◆ Assigned task:
If pictures appear among the lines below, leave them out while you return exactly the lines from the one with "Husqvarna Rasen und" through the one with "10kt White Gold".

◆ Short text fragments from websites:
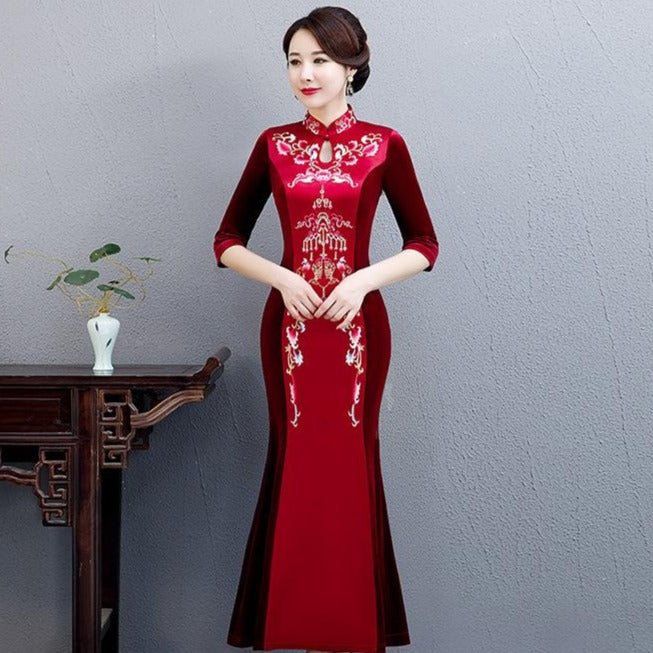 Floral Embroidery Brocade & Velvet Cheongsam Mother Dress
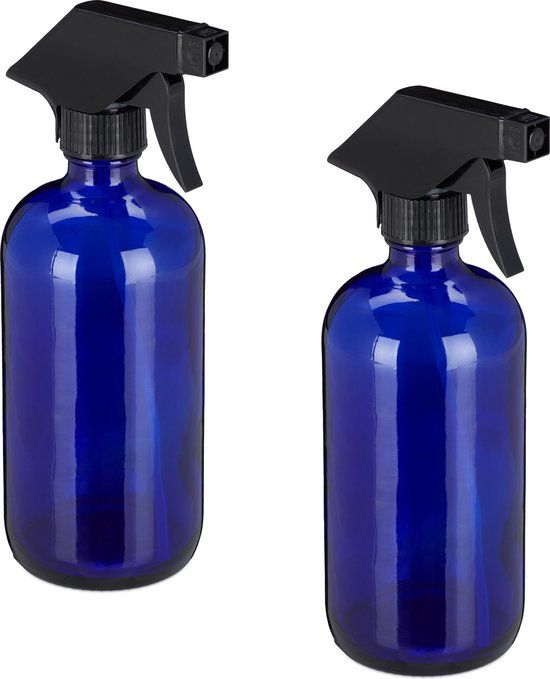Relaxdays Spuitflesjes Hervulbaar - 2 Stuks - 500 ml - Glas - Donkerblauw/Zwart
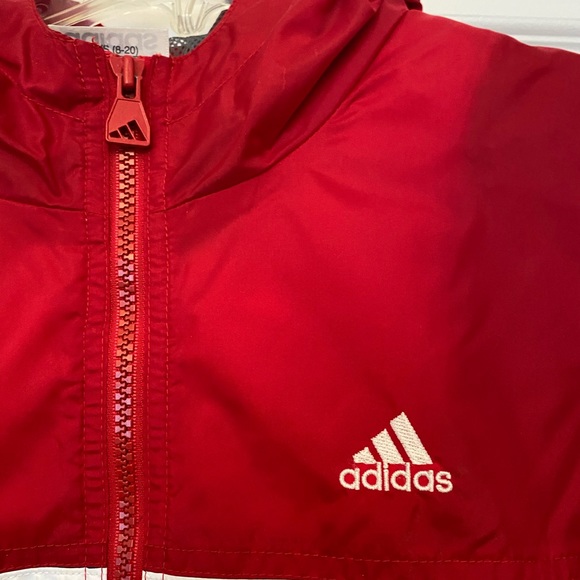 Adidas Boys Hooded Windbreaker Zip Up - Picture 2 of 5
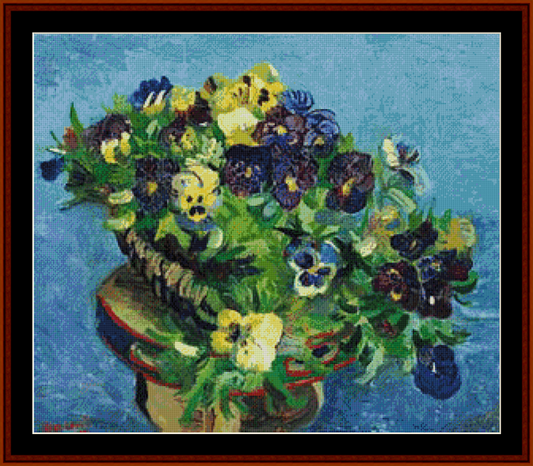 Basket of Pansies - Van Gogh pdf cross stitch pattern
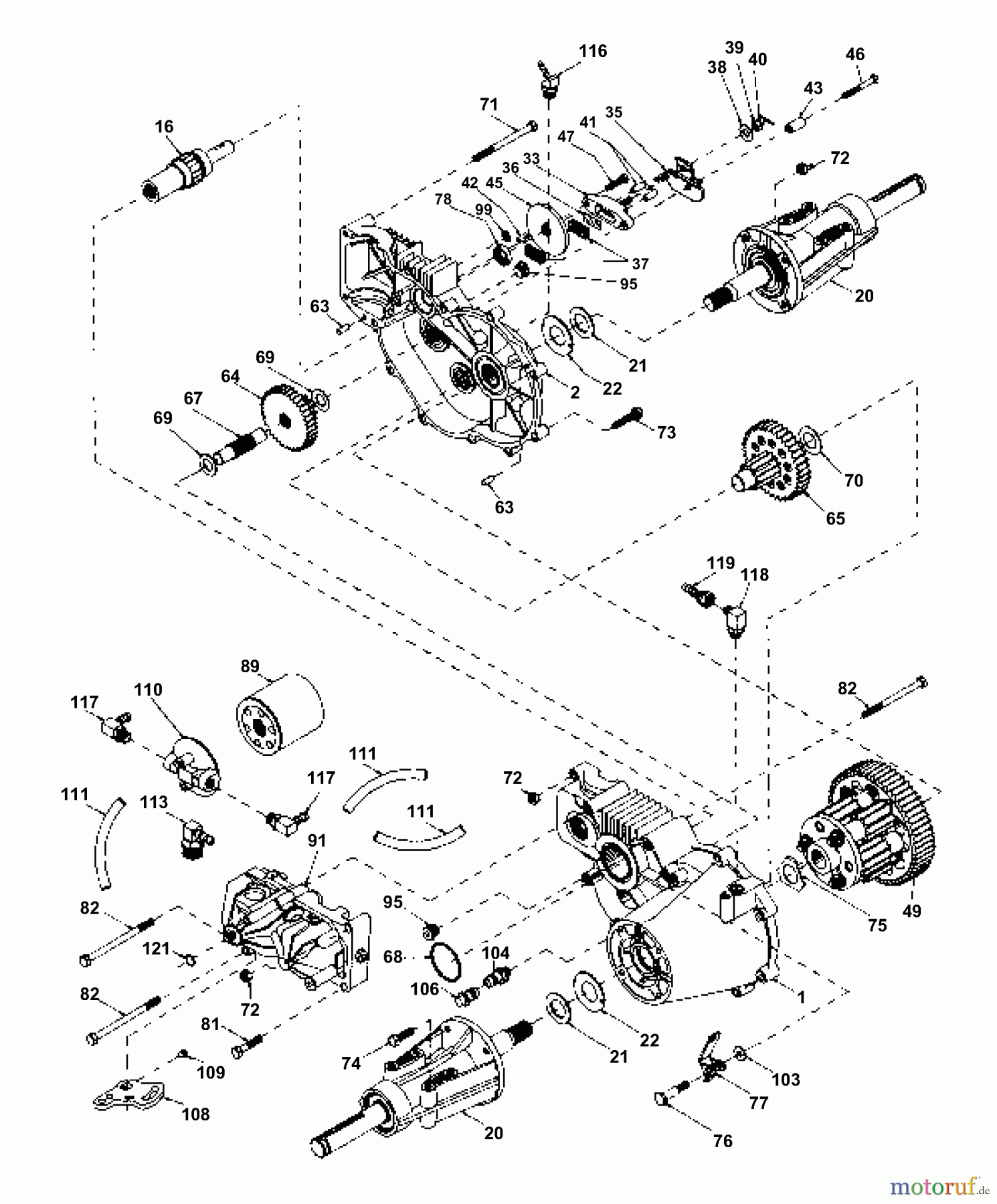  Husqvarna Rasen und Garten Traktoren GTH 200 (954001122A) - Husqvarna Garden Tractor (1994-07 & After) Transaxle Hydro Gear Model Number 214-3010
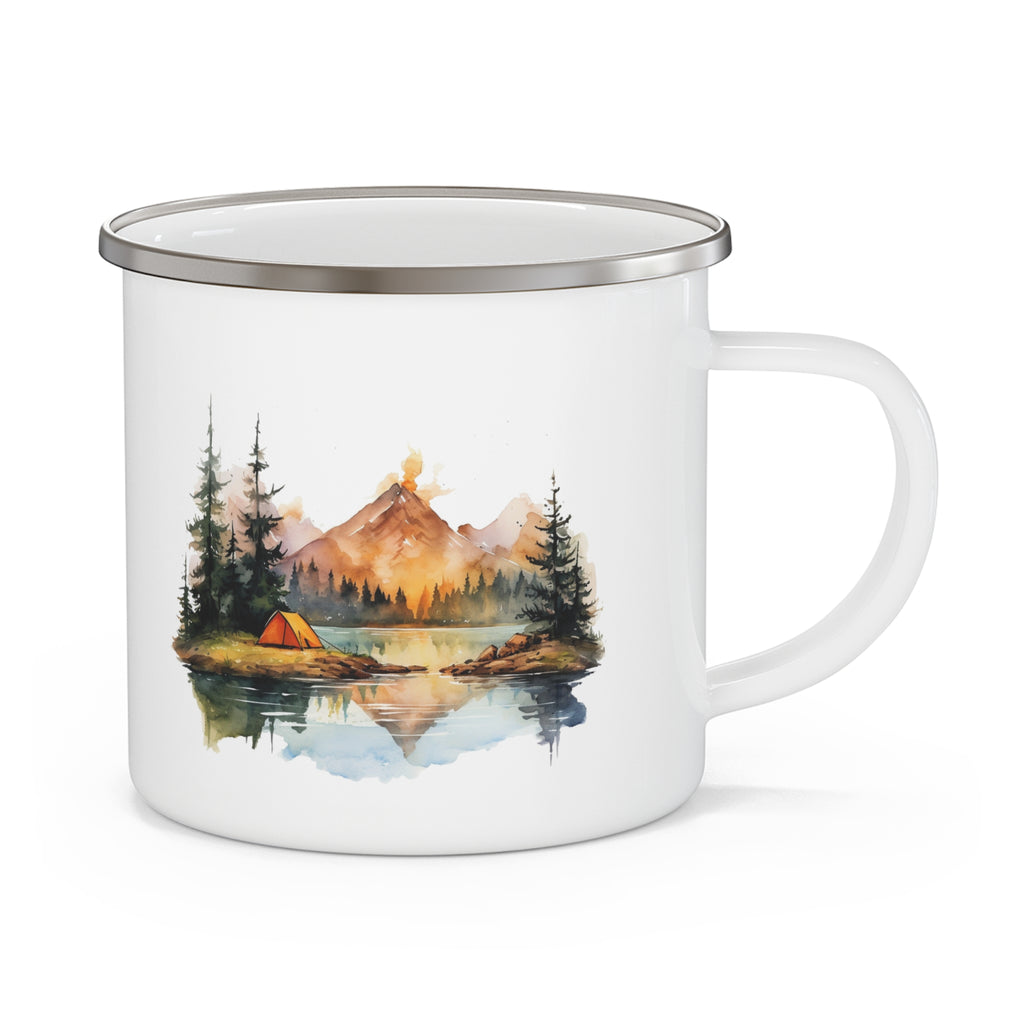 Mountain Sunrise Camping Enamel Mug with Scenic Lake Reflection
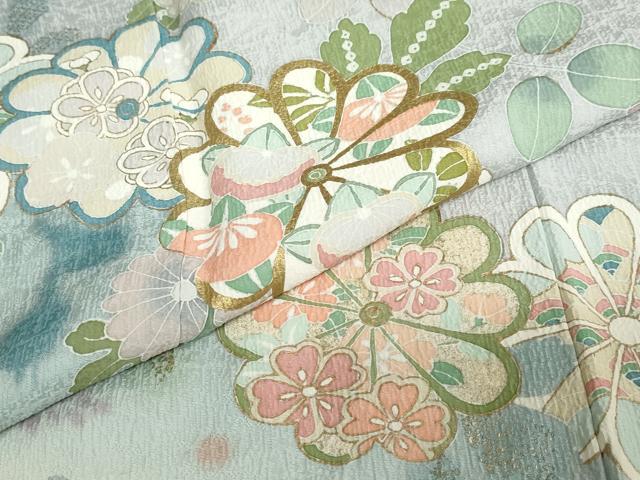 平和屋着物●訪問着　籬草花文　金彩　ロング丈　正絹　逸品　DABC2799ud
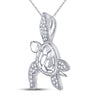 10kt White Gold Womens Round Diamond Turtle Tortoise Animal Pendant 1/10 Cttw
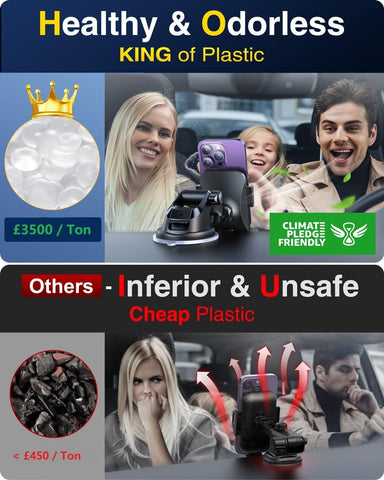 VANMASS Car Phone Holder 2025 Black – 85+ LBS Strong Suction, Rotatable Mount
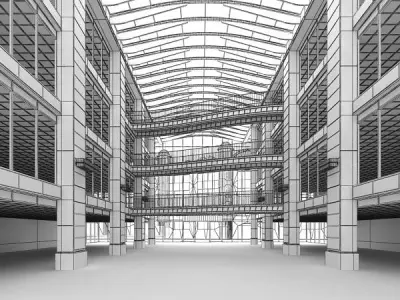 Spacious Empty Modern Hall 3D model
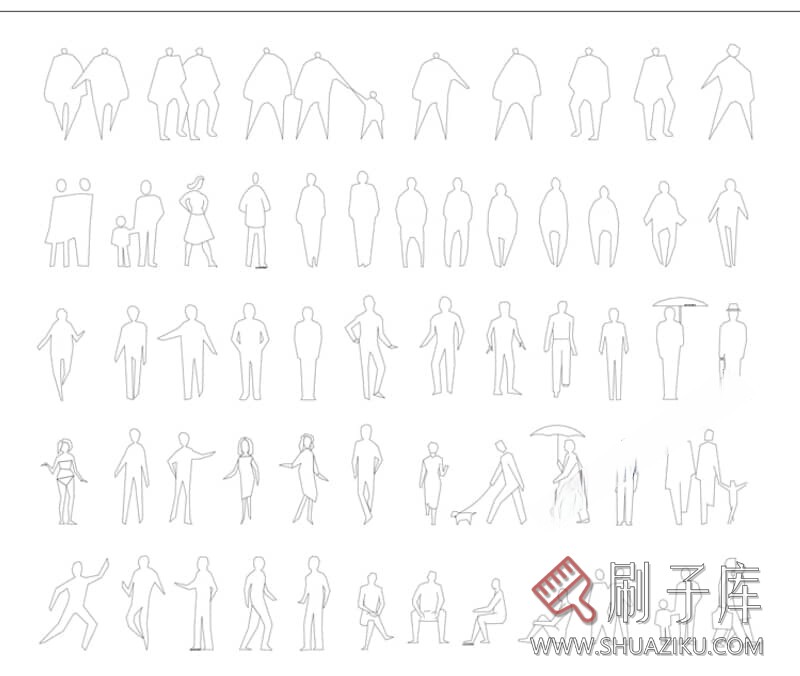 图片[12]-人物造型平面立面CAD图库俯视图PNG人体设计PSD素材运动线稿图块-刷子库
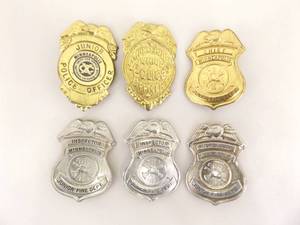 lot 52 image: Lot of 6 Vintage Minneapolis Junior Police and Fire Badges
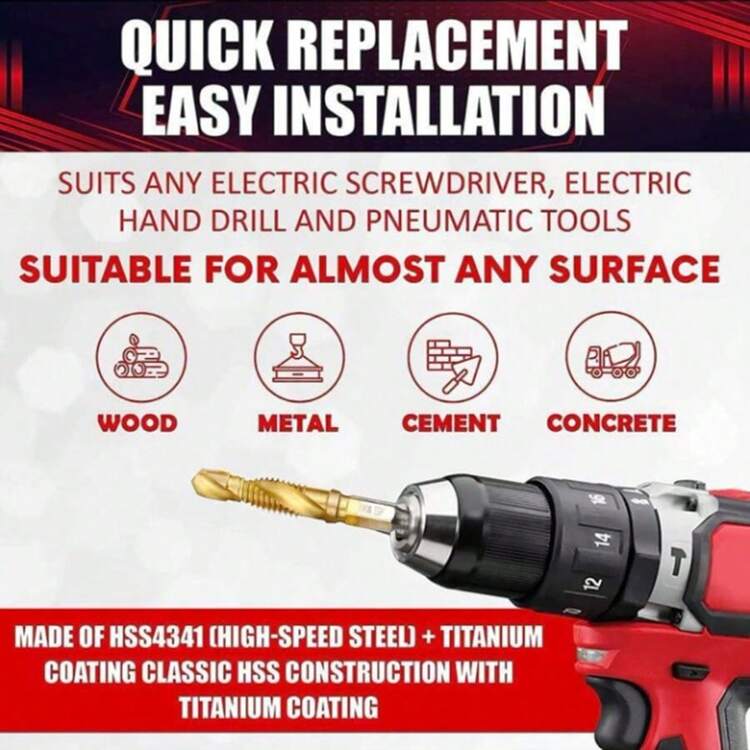 HSS Material Composite Screw Tap Drill Bits, Ball Bearing Steel Countersink Cutter, Woodworking M3/M4/M5/M6/M8/M10 Metric Combination Threaded Reamer Bits, Drilling And Tapping Integrated Tool Accessories - One Size - View 5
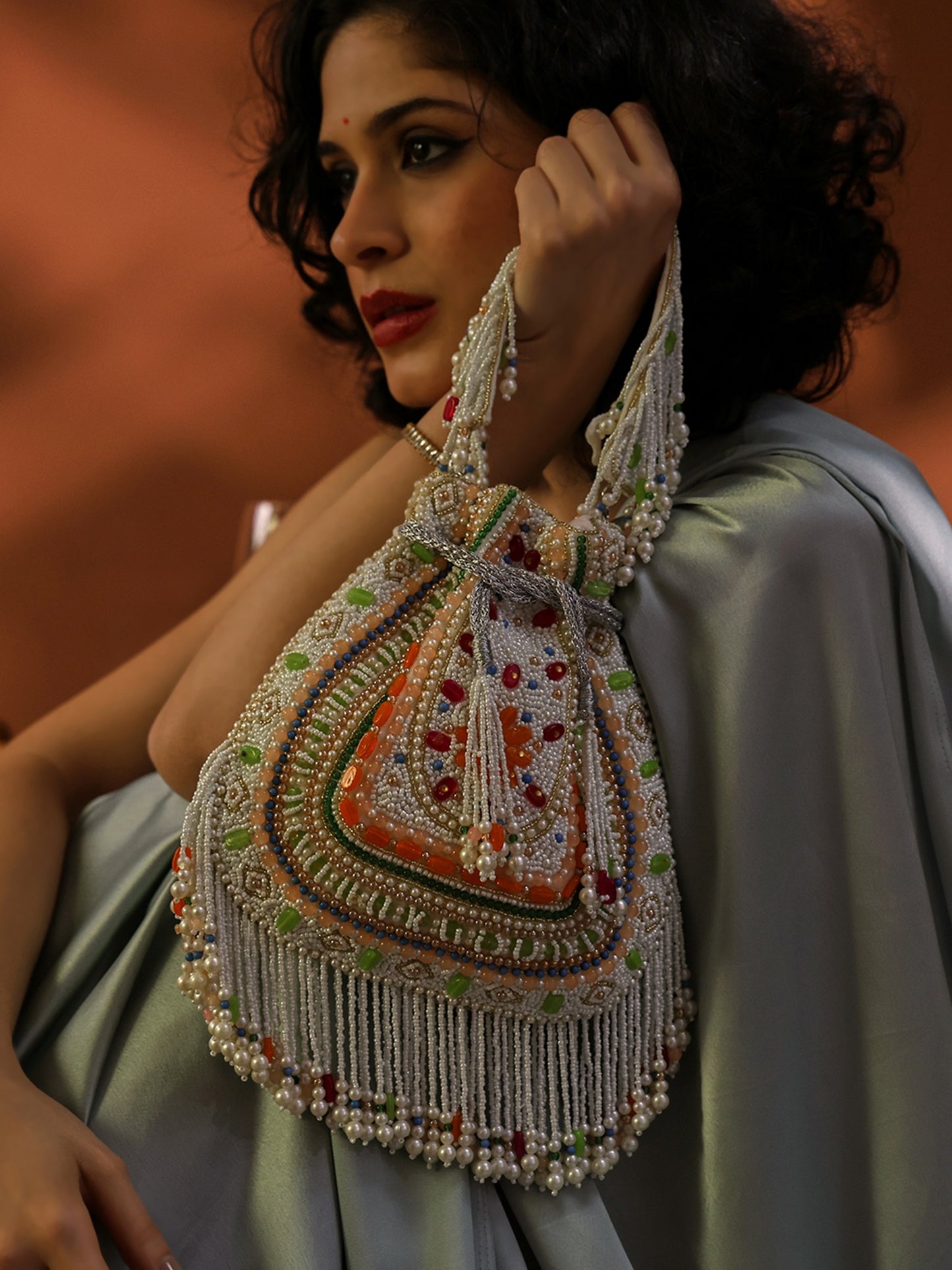 Gulbahar Handcrafted Embellished Potli Bag with Intricate Bead & Sequin Detailing
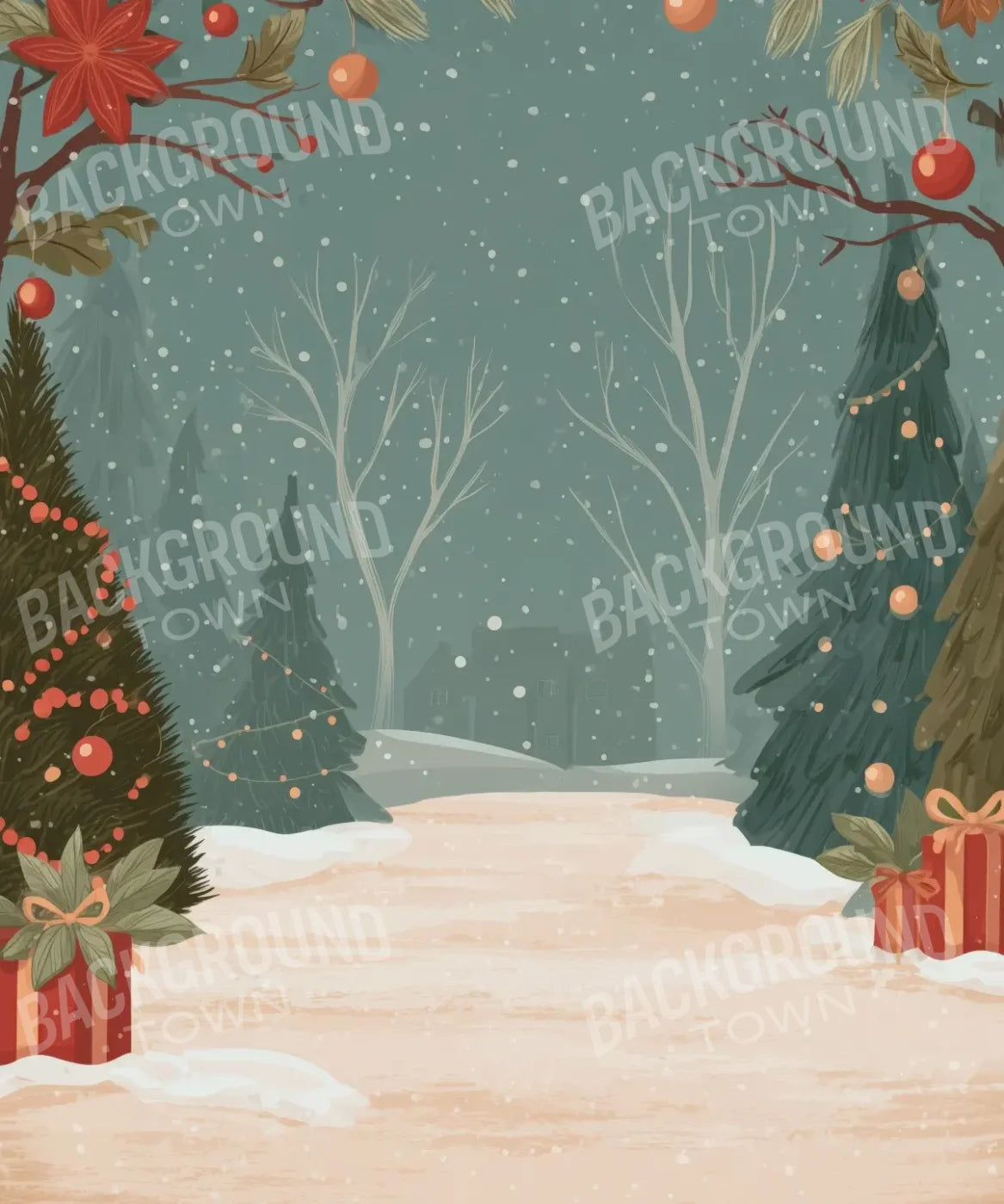 Christmas Scene Clipart 10’x12’ UltraCloth (120 x 144 inch) Backdrop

◆ Result below:
  Husqvarna Rasen und Garten Traktoren GTH 200 (954001122A) - Husqvarna Garden Tractor (1994-07 & After) Transaxle Hydro Gear Model Number 214-3010
 Mountain Sunrise Camping Enamel Mug with Scenic Lake Reflection
 平和屋着物●訪問着　籬草花文　金彩　ロング丈　正絹　逸品　DABC2799ud
 10kt White Gold Womens Round Diamond Turtle Tortoise Animal Pendant 1/10 Cttw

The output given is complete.